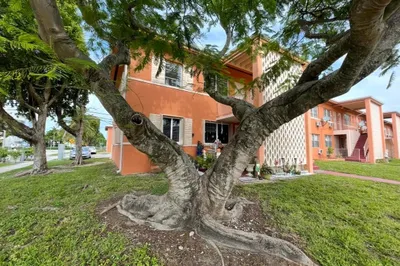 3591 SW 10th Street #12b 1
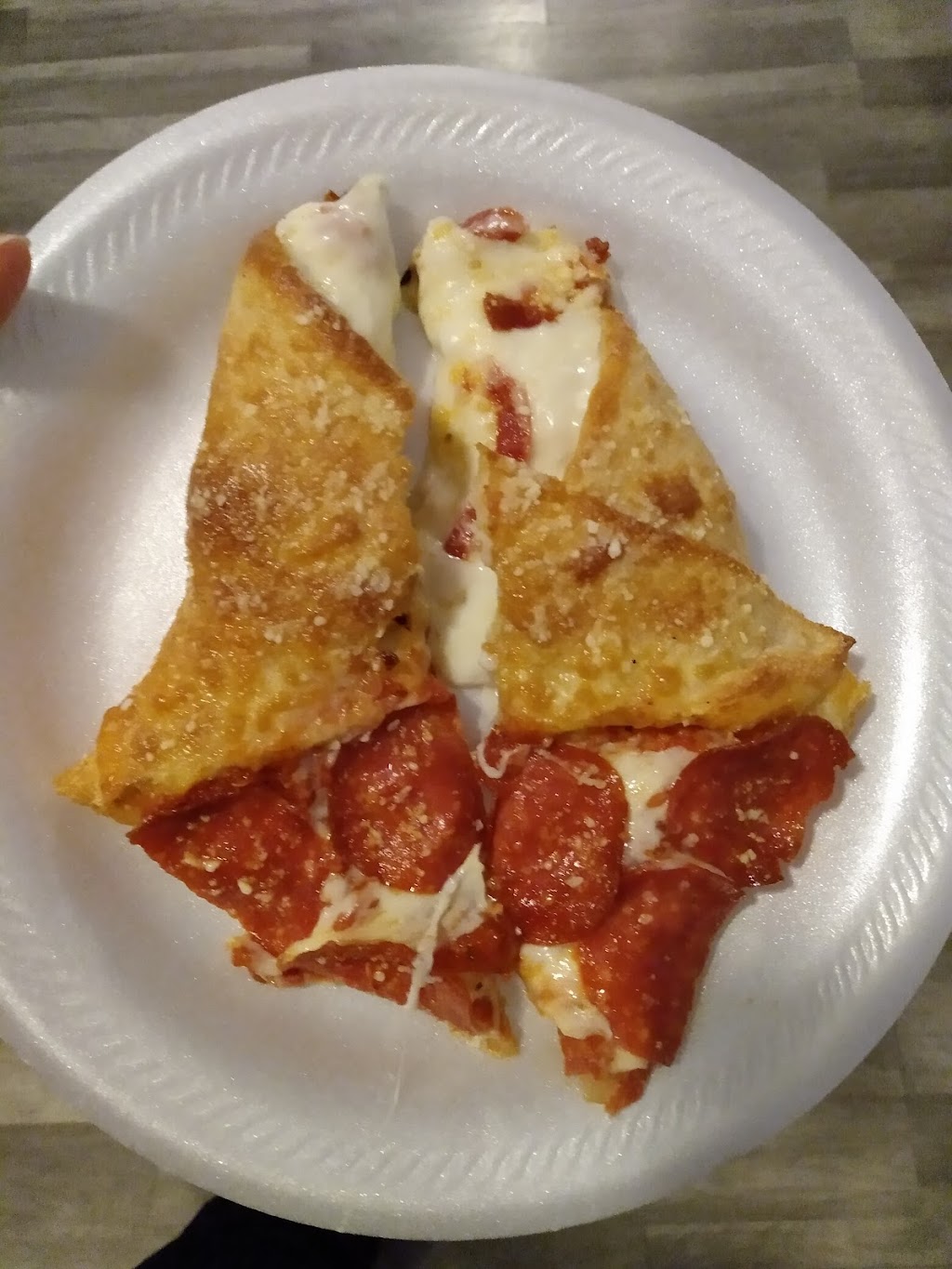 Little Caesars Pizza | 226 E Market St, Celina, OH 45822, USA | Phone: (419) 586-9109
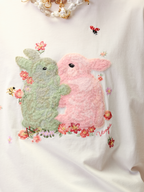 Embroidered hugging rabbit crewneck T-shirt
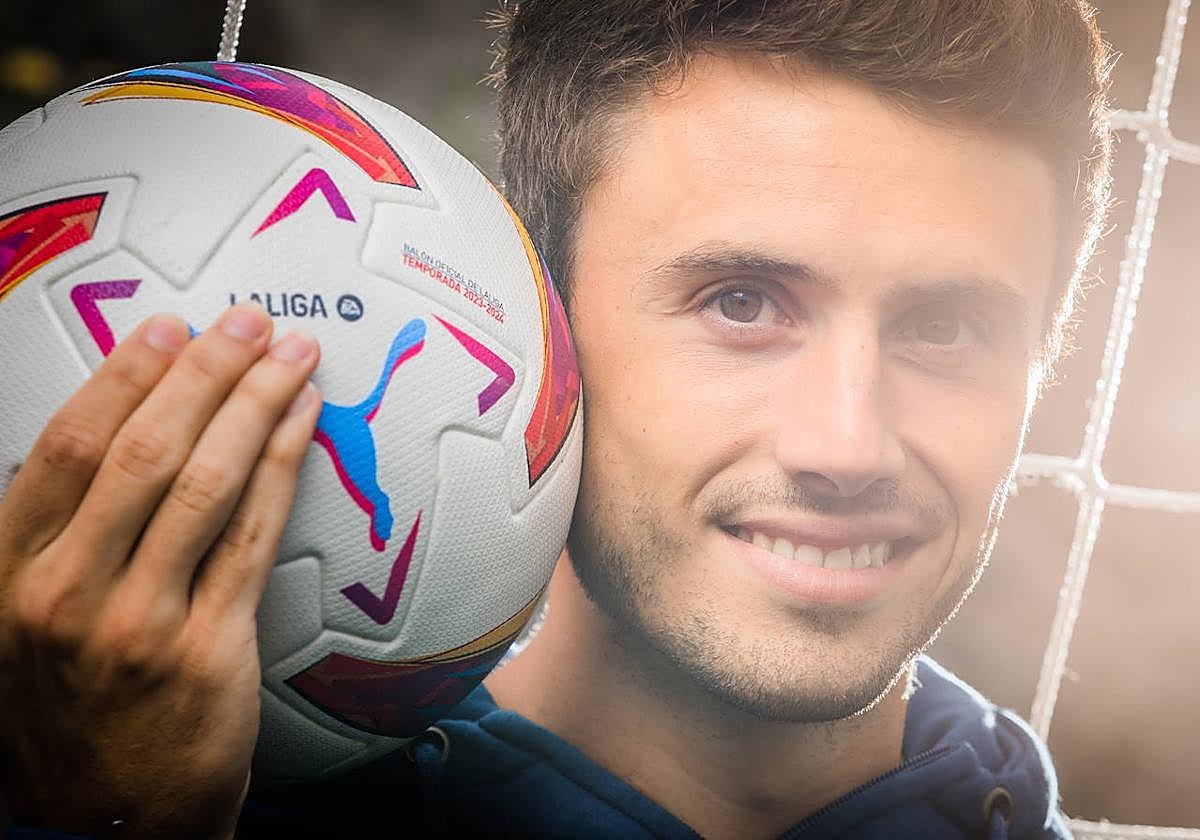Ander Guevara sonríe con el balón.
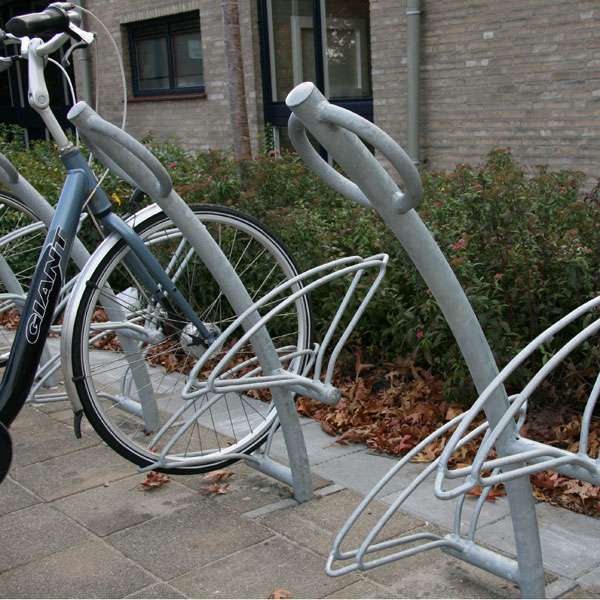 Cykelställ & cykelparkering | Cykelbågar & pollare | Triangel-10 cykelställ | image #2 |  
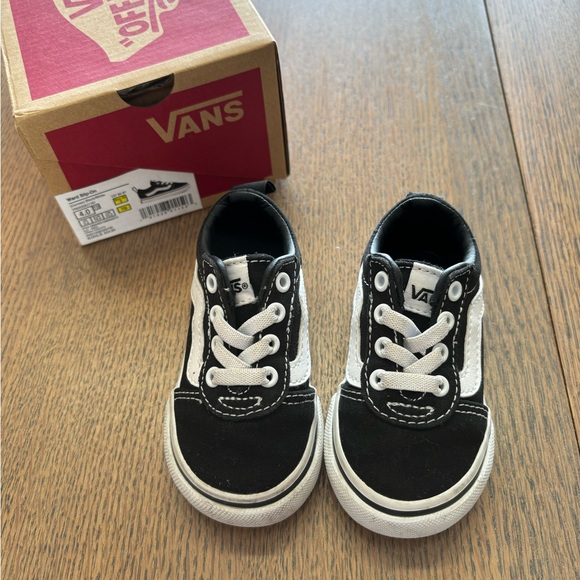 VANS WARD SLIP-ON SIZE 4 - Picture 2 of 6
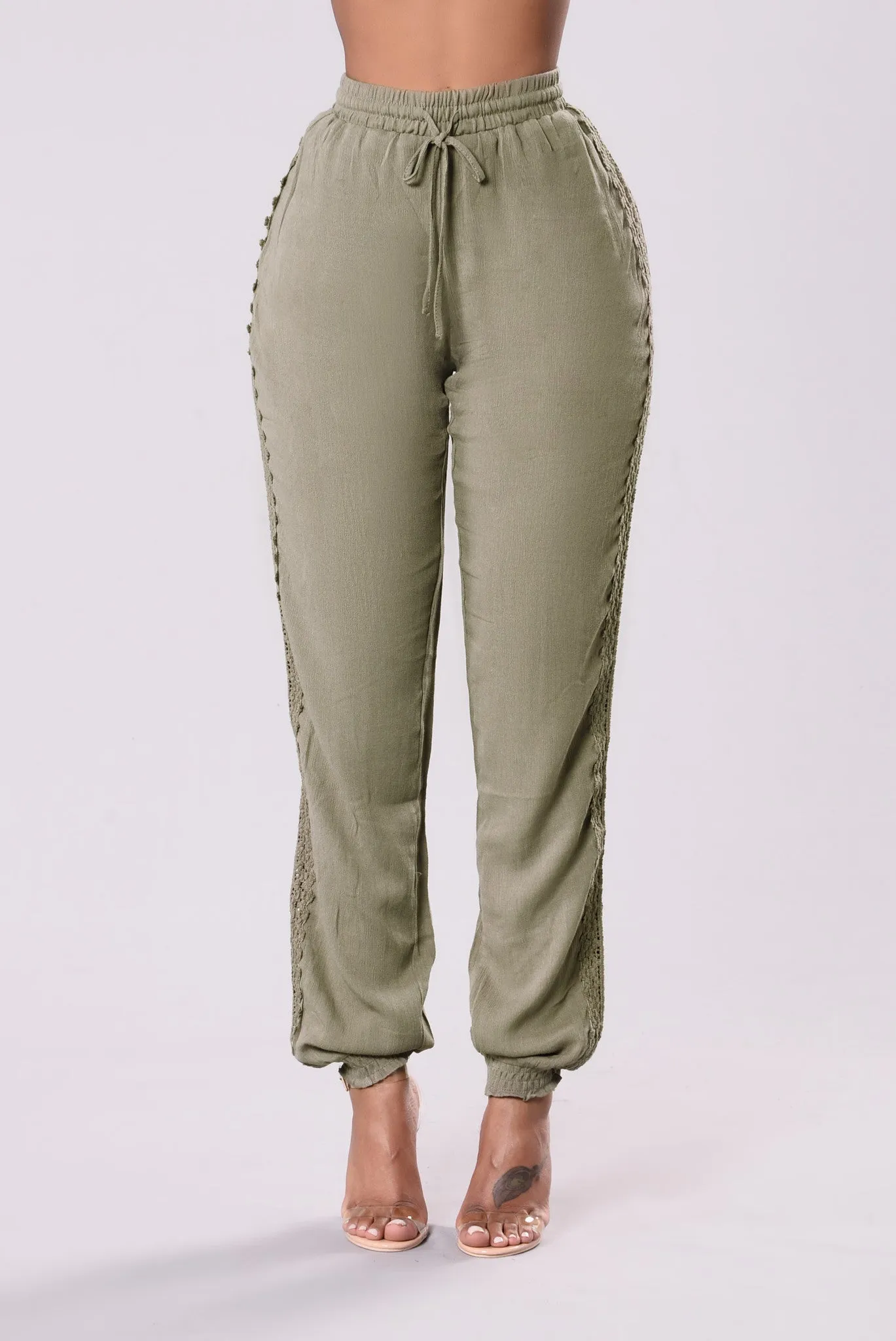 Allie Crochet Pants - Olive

--------------------------------

* **Work task**
With the pictures removed, output the listing above exactly.

* **Expected answer**
 3591 SW 10th Street #12b 1
 Little Caesars Pizza | 226 E Market St, Celina, OH 45822, USA | Phone: (419) 586-9109
 Embroidered hugging rabbit crewneck T-shirt
Ander Guevara sonríe con el balón.
 Cykelställ & cykelparkering | Cykelbågar & pollare | Triangel-10 cykelställ | image #2 |  
 VANS WARD SLIP-ON SIZE 4 - Picture 2 of 6
 Allie Crochet Pants - Olive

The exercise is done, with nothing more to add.